**The task:** Give the records again word for word. Leave every picture out.

Material provided: Begin

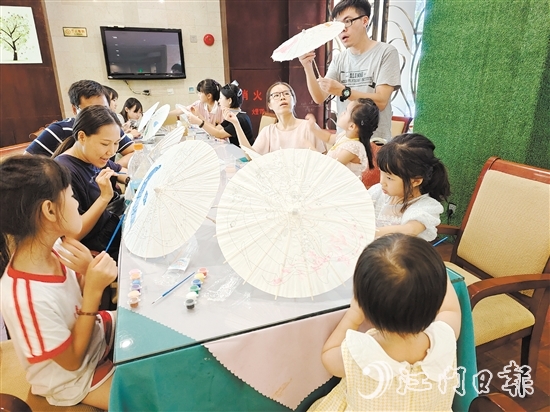 山泉湾温泉的DIY油纸伞彩绘活动吸引了不少市民、游客参与。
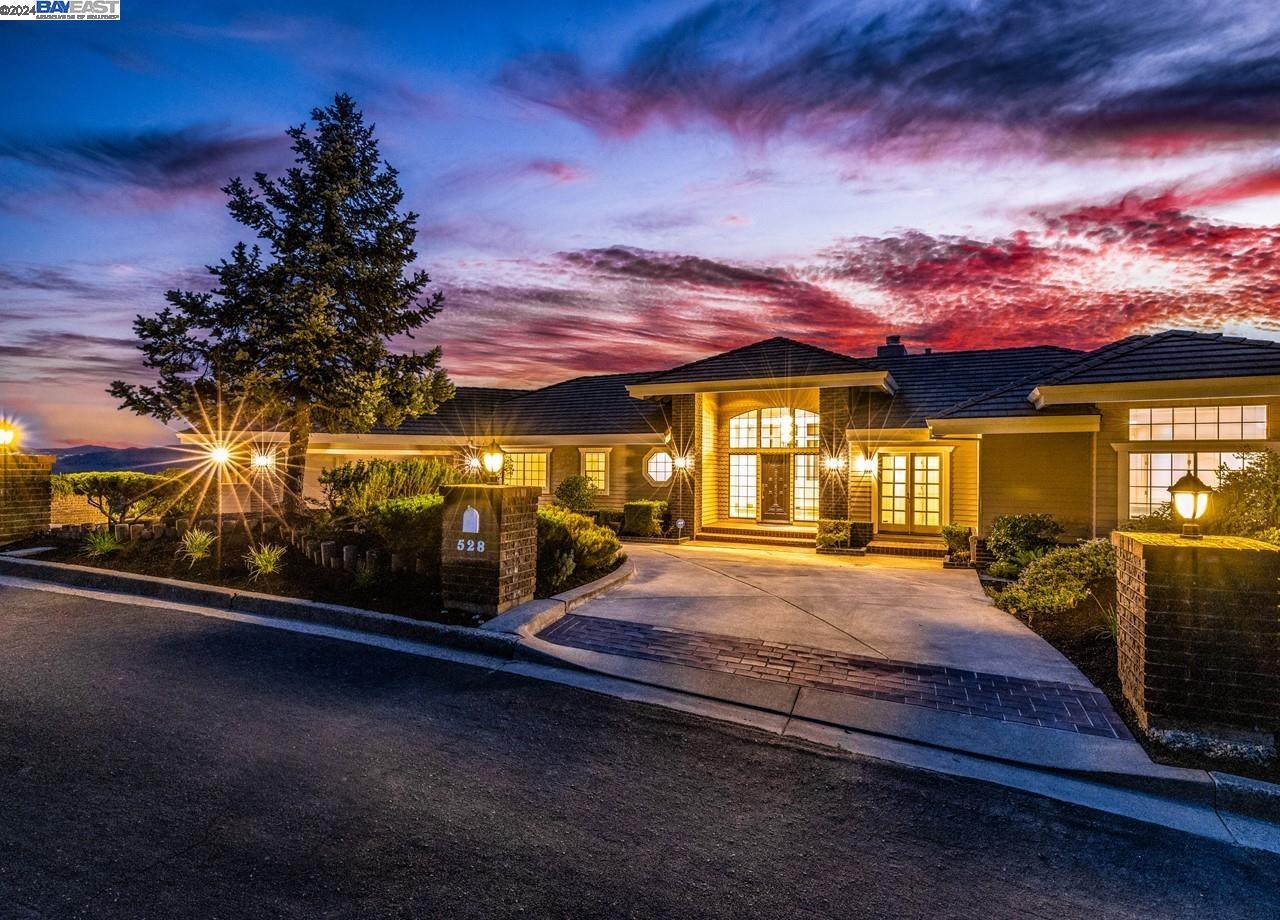 528 Oakshire Pl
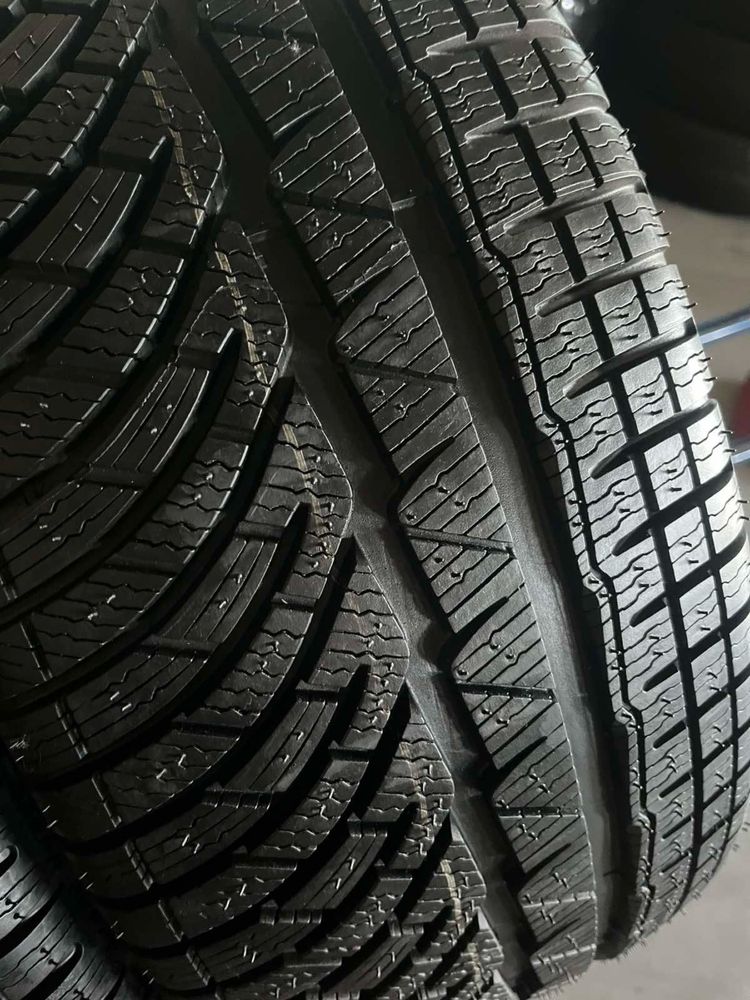 265/35/18+235/40/18 R18 Michelin Pilot Alpin PA4 4шт нові зима
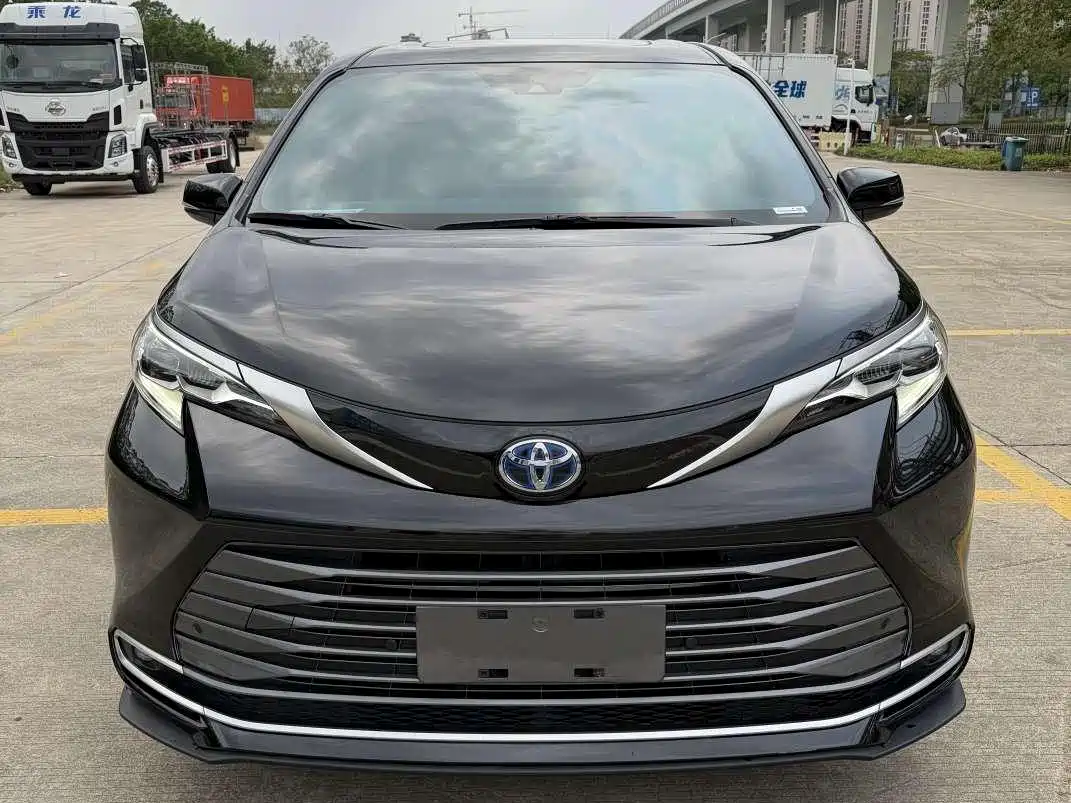 Toyota Sienna 2023 2.5L Hybrid Luxury Edition фото 3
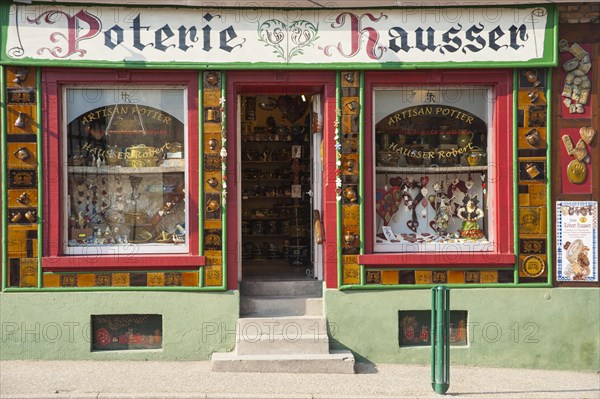 Shop selling pottery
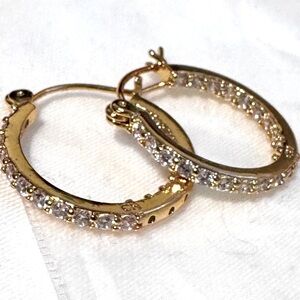 💛Stunning Crystal Haze Gold and White Crystal Hoop Mini Serena Earrings💛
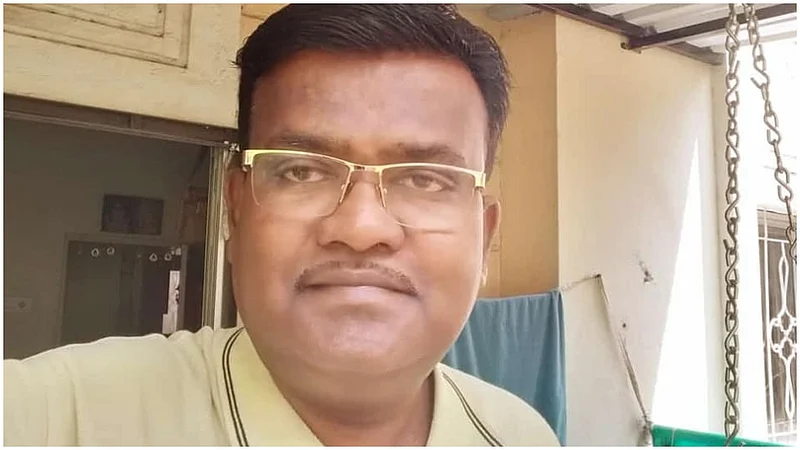 राष्ट्रीय चित्रपट संग्रहालयाचे अधिकारी किरण धिवार कालवश
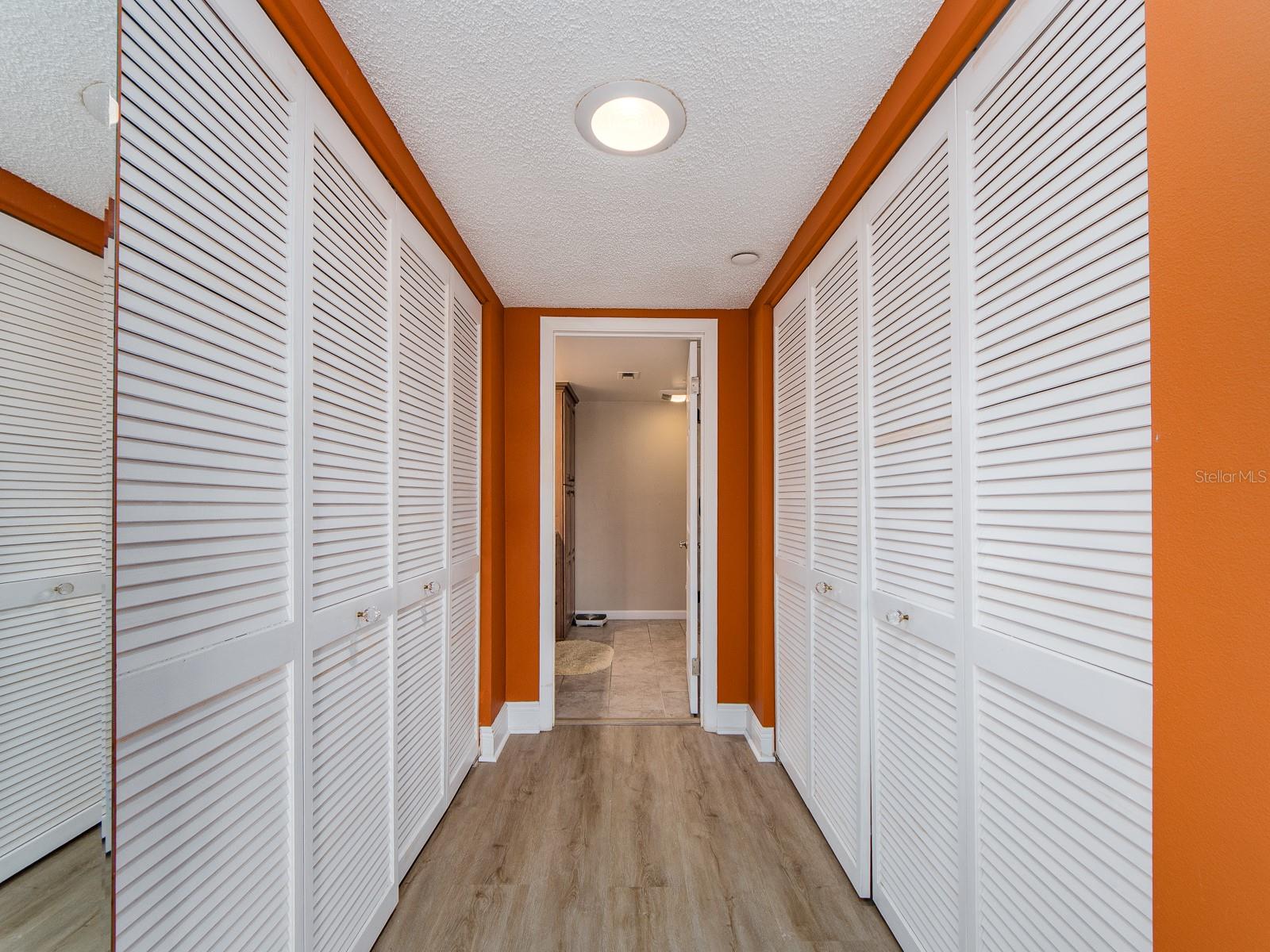 Image 21 of 40 For 1480 Gulf Boulevard 610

Material provided: End

**Solved problem:**
 山泉湾温泉的DIY油纸伞彩绘活动吸引了不少市民、游客参与。
 528 Oakshire Pl
 265/35/18+235/40/18 R18 Michelin Pilot Alpin PA4 4шт нові зима
 Toyota Sienna 2023 2.5L Hybrid Luxury Edition фото 3
 Shop selling pottery
 💛Stunning Crystal Haze Gold and White Crystal Hoop Mini Serena Earrings💛
 राष्ट्रीय चित्रपट संग्रहालयाचे अधिकारी किरण धिवार कालवश
 Image 21 of 40 For 1480 Gulf Boulevard 610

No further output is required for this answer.